Task inputs:
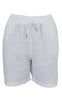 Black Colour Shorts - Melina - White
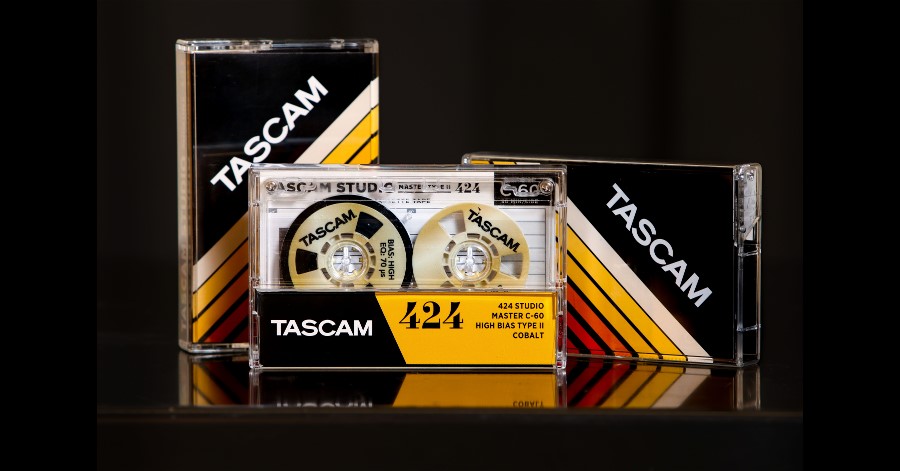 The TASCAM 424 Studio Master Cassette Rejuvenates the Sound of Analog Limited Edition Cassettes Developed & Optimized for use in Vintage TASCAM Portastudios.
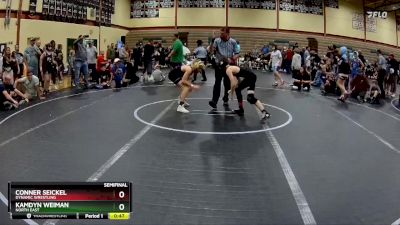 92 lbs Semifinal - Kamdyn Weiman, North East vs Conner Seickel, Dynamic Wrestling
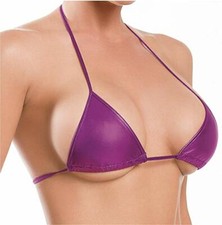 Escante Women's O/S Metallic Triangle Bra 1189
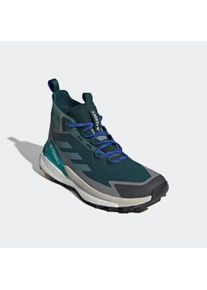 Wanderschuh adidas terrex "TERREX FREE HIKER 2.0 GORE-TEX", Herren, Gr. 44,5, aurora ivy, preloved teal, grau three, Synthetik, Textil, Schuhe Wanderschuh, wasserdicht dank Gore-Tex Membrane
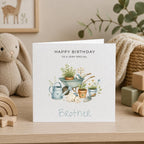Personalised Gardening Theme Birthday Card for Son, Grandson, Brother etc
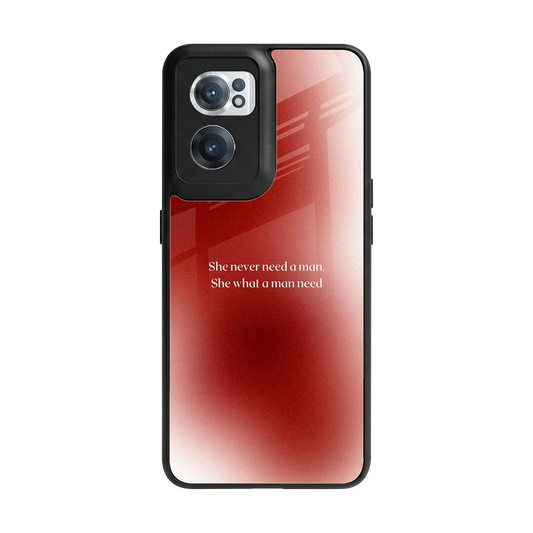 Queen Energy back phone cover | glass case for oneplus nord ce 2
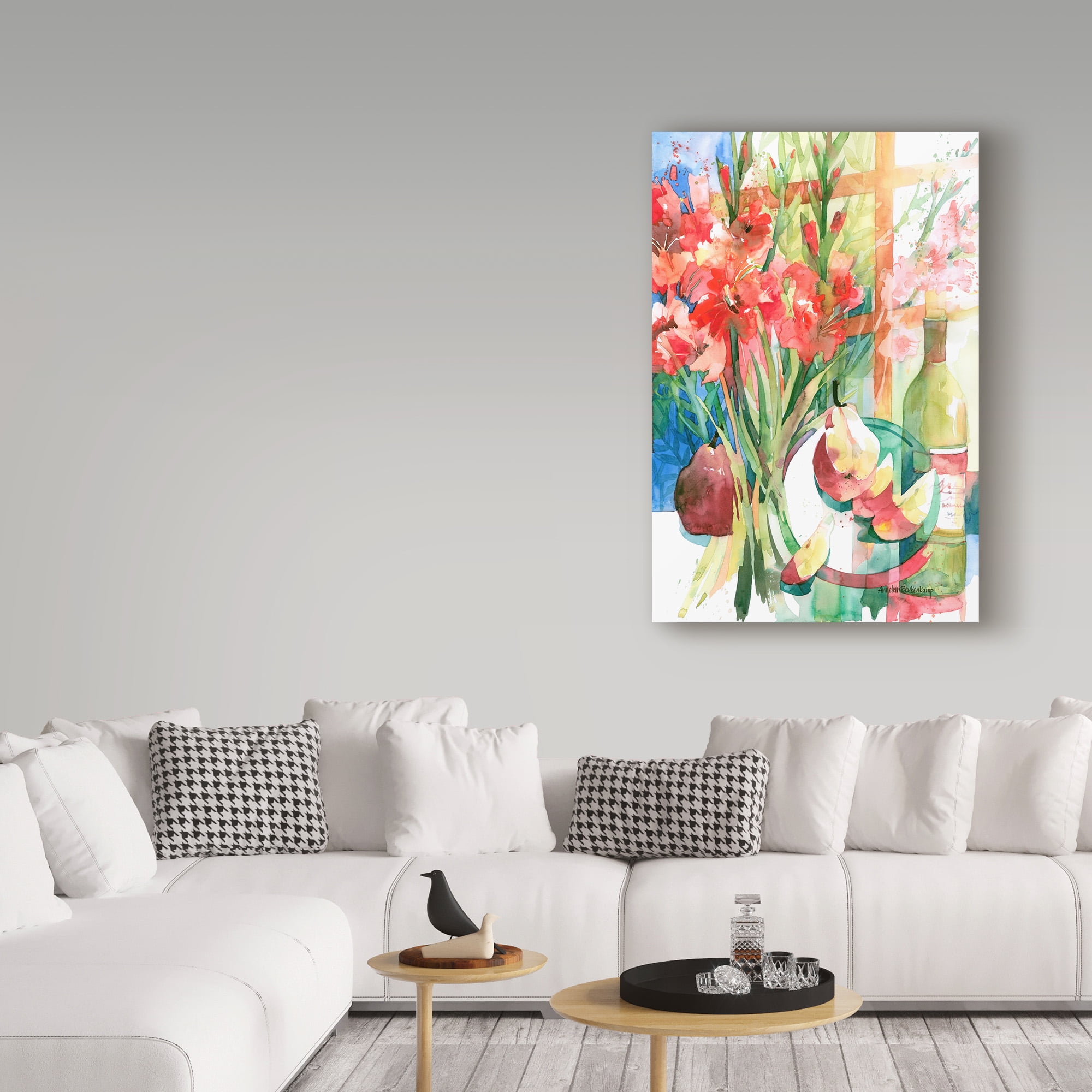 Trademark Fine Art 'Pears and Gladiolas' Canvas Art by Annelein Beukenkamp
==
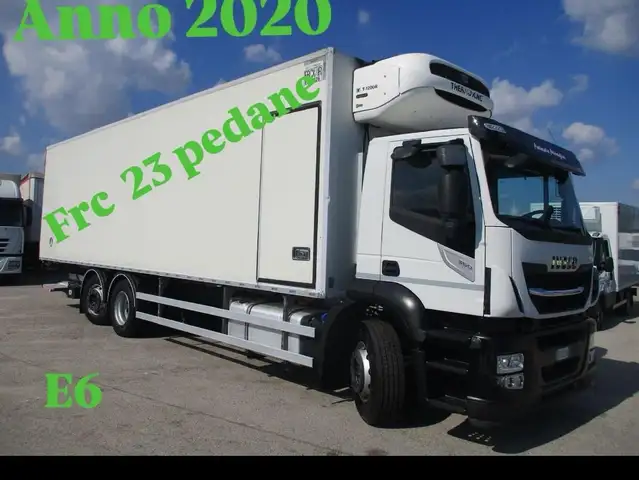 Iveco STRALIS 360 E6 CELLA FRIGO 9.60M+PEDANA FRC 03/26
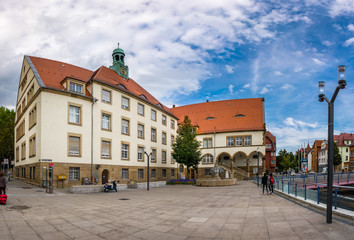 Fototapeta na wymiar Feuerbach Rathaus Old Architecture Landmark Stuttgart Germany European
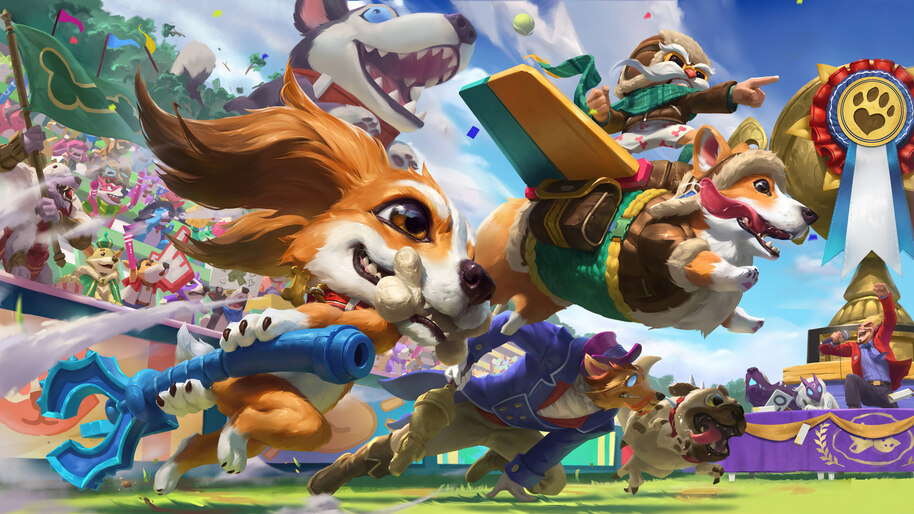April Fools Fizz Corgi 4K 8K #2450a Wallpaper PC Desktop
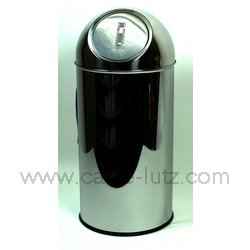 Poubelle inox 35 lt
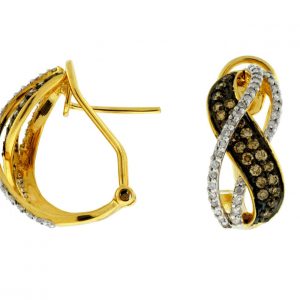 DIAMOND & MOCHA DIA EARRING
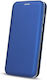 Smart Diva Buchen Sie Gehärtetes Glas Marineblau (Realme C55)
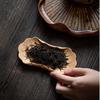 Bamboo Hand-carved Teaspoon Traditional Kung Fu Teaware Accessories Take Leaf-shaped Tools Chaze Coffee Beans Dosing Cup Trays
--
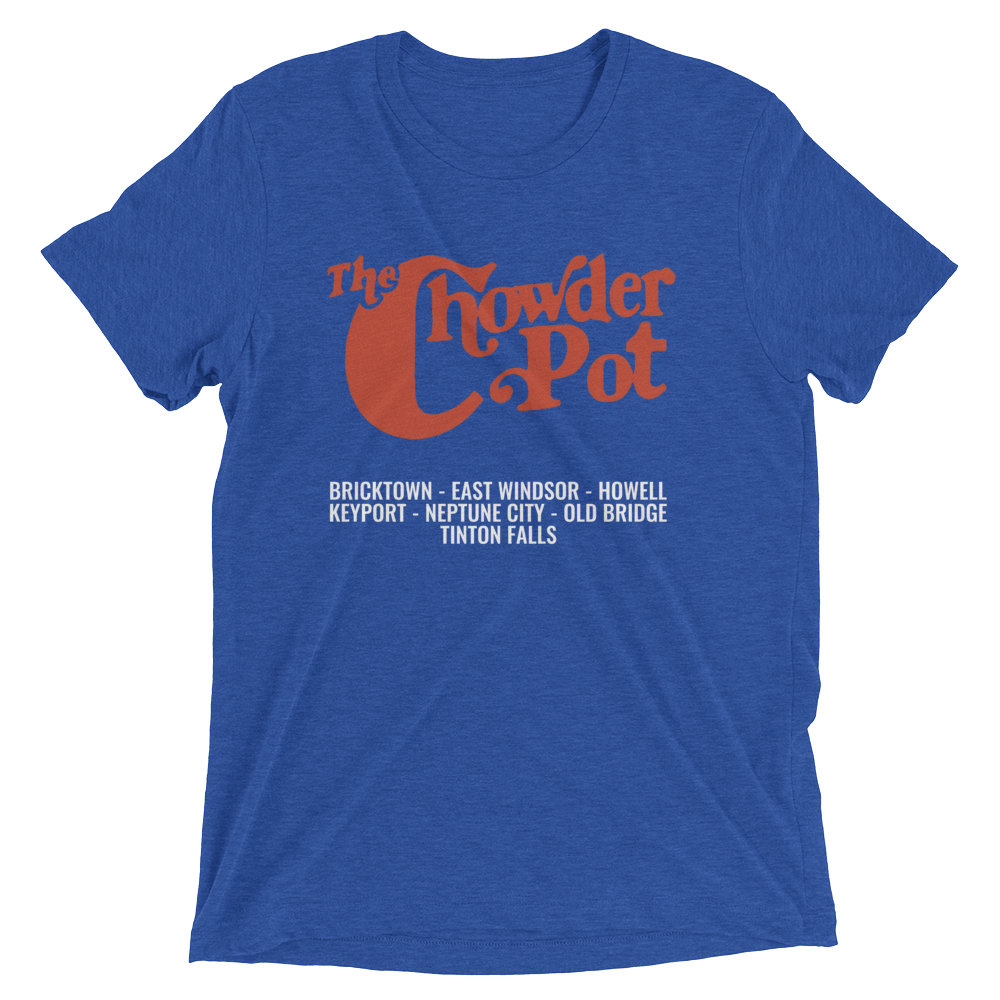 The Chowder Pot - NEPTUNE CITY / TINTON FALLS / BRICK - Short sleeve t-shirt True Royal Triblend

What to do: From the data above, return only the lines starting at the line that holds "The TASCAM 424" and ending at the line that holds "Trademark Fine Art", word for word and without pictures.

Expected answer:
 The TASCAM 424 Studio Master Cassette Rejuvenates the Sound of Analog Limited Edition Cassettes Developed & Optimized for use in Vintage TASCAM Portastudios.
 92 lbs Semifinal - Kamdyn Weiman, North East vs Conner Seickel, Dynamic Wrestling
 Escante Women's O/S Metallic Triangle Bra 1189
 Wanderschuh adidas terrex "TERREX FREE HIKER 2.0 GORE-TEX", Herren, Gr. 44,5, aurora ivy, preloved teal, grau three, Synthetik, Textil, Schuhe Wanderschuh, wasserdicht dank Gore-Tex Membrane
Personalised Gardening Theme Birthday Card for Son, Grandson, Brother etc
 Queen Energy back phone cover | glass case for oneplus nord ce 2
 Trademark Fine Art 'Pears and Gladiolas' Canvas Art by Annelein Beukenkamp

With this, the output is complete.